Records from a collection
/---

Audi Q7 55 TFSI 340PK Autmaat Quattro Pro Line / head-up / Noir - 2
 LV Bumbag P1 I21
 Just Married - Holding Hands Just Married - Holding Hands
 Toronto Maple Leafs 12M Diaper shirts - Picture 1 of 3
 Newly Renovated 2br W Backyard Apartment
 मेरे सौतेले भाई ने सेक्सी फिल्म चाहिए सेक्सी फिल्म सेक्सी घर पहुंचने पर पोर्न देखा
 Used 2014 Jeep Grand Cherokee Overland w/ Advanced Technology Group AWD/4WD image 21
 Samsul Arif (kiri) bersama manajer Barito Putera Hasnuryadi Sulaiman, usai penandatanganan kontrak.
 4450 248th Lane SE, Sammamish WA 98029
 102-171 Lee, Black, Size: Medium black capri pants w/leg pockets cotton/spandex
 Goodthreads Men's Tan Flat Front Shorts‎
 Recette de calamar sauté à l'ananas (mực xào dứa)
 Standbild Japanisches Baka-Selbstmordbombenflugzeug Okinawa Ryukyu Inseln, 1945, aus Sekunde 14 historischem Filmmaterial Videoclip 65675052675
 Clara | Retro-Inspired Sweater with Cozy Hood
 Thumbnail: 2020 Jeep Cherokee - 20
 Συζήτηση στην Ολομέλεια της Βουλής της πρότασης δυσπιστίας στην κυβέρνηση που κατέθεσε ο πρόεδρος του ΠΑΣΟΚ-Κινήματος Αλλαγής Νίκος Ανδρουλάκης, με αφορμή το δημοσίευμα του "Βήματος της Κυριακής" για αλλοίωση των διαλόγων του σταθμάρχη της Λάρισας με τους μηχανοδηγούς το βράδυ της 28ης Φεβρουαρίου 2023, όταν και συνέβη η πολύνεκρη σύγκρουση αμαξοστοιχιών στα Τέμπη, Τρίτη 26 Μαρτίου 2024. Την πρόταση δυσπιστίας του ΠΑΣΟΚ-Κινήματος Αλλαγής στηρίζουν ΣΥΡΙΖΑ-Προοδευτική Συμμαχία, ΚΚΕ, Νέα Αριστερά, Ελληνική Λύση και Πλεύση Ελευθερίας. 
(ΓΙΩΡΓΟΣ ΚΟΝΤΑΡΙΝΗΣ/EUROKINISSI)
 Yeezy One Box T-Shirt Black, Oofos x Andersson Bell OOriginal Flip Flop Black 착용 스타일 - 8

\---

### [About this task]
Transcribe the records above exactly, but only from the line that contains "(ΓΙΩΡΓΟΣ ΚΟΝΤΑΡΙΝΗΣ/EUROKINISSI)" through their final line, inclusive.

### [Worked solution]
(ΓΙΩΡΓΟΣ ΚΟΝΤΑΡΙΝΗΣ/EUROKINISSI)
 Yeezy One Box T-Shirt Black, Oofos x Andersson Bell OOriginal Flip Flop Black 착용 스타일 - 8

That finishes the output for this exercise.